How do virtual reality and augmented reality worlds tell us where we are within a given space? This is through the help of virtual camera projection. Virtual cameras provide perspective by capturing different angles and positions of objects, backgrounds and scenes. Through this process, these virtual cameras help users feel as though they are moving around in 3D space.
Virtual camera systems tell your game engine what parts of your 3D scene to render to your screen or to your headset.
When you take a picture with a digital camera, it captures visual data within its “field of view”. The real world gets “projected” onto a 2-dimensional photo or video and captures the photo as pixels in a grid.

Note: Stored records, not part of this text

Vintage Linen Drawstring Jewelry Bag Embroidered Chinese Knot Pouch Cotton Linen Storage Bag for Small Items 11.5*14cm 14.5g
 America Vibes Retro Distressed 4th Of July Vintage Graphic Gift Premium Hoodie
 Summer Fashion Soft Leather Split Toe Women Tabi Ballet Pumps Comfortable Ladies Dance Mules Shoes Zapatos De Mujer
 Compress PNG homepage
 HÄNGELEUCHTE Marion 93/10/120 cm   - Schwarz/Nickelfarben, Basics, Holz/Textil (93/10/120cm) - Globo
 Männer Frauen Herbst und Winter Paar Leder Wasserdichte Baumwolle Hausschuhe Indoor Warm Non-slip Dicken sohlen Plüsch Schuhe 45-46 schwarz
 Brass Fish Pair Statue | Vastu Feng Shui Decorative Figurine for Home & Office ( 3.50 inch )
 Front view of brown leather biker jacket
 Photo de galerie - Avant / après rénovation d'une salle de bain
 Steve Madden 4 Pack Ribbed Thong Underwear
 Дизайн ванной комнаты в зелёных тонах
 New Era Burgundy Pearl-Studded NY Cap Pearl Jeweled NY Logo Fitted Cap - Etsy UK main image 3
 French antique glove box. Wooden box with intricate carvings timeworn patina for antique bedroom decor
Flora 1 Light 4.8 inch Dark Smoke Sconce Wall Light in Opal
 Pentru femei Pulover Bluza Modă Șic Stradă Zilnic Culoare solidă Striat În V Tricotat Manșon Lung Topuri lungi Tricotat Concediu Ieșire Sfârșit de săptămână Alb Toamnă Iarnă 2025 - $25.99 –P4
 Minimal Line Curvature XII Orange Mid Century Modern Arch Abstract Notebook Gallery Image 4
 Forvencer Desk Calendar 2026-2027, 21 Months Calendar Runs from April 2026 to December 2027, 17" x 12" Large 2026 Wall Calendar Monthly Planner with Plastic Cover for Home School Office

As the camera lens is moved around, it captures different things in its field of view: different objects, backgrounds, scenes, from different positions and angles. Objects that are farther away look smaller. Objects up close look larger. This is called “perspective”.
Similarly, virtual cameras have a position and rotation in 3D space, as well as a field of view. This creates a pyramid-like shape, called a frustum. Everything inside of the frustum gets rendered into an image to be displayed on a screen or headset. Things that are out of view are not rendered.
In addition to the pointing of the camera, there are also two “clipping planes” that determine how close or far the camera can see. These are called the “far clipping plane” and the “near clipping plane”. Any objects farther than the “far clipping plane” are considered to be too far from the camera to be worth rendering. To save computational resources, the game engine will just decide not to render objects farther than the far clipping plane.
Objects closer than the “near clipping plane” are also not rendered, because they may be too close to the camera and cause heavy discomfort, especially in VR.
The clipping planes, along with the position, rotation, and field of view of the camera, determine the frustum that describes the camera’s perspective. In most game engines, you’ll be able to see the frustum to see what the virtual camera will capture in the virtual scene. Everything inside of the frustum will be rendered by the graphics processing unit as the foreground. The GPU will apply all of the right materials and lighting to make your virtual scene look the way it should on its way to becoming screen pixels for your displays.
The background for the camera is usually filled in with a skybox, a flat image that wraps around the user at all angles. Just like a physical landscape fills in the backdrop for physical cameras, a virtual landscape of skies, buildings, mountains, or other faraway objects, can serve as the skybox for the virtual cameras.
By updating what the virtual camera sees and by compositing the foreground and background in real time, the virtual camera projection creates the illusion that users are moving around in 3D space, whether on desktop, in augmented reality, or in virtual reality.